TASK OBJECTIVE
Word for word and without images, reproduce the listing that follows.

RECORDED DATA
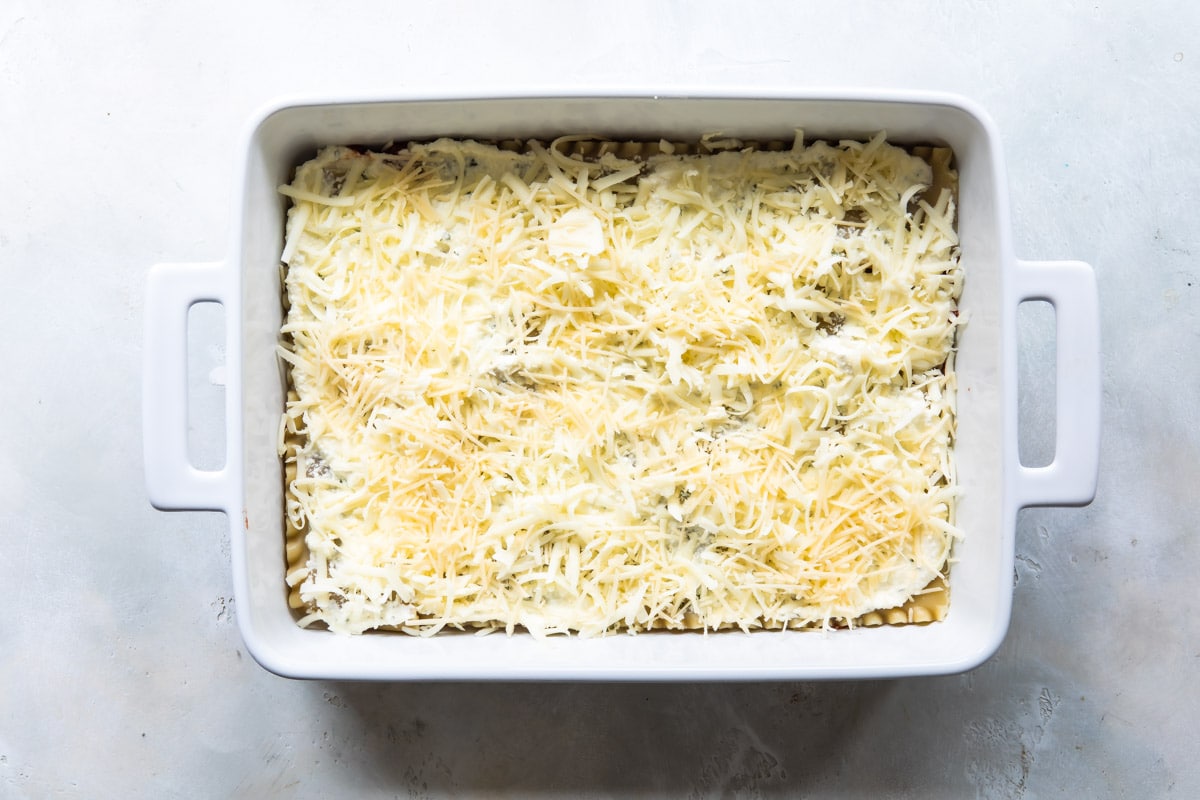 2 layers of unbaked lasagna in a baking dish.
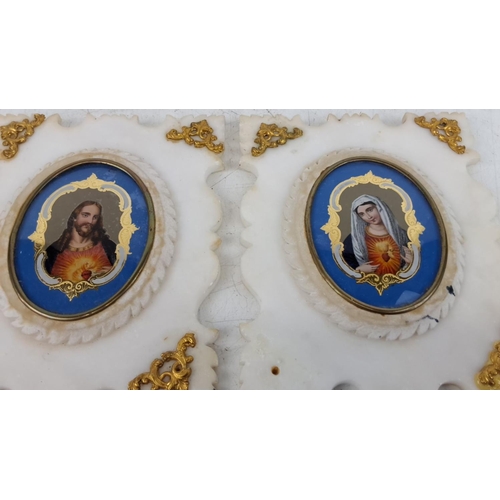 123 - Pair of religious icons in white marble frames with gold detailing, featuring portraits of the Sacre... 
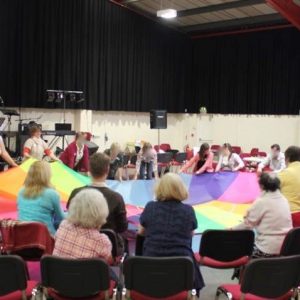 People sat around a rainbow parachute opened out at the MIX church gathering
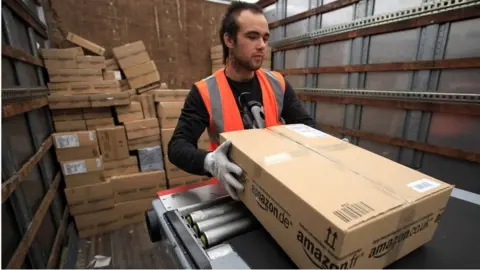 Getty Images An Amazon worker loads a package on a truck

ANSWER TO THE PROBLEM
 2 layers of unbaked lasagna in a baking dish.
 123 - Pair of religious icons in white marble frames with gold detailing, featuring portraits of the Sacre... 
 People sat around a rainbow parachute opened out at the MIX church gathering
 Getty Images An Amazon worker loads a package on a truck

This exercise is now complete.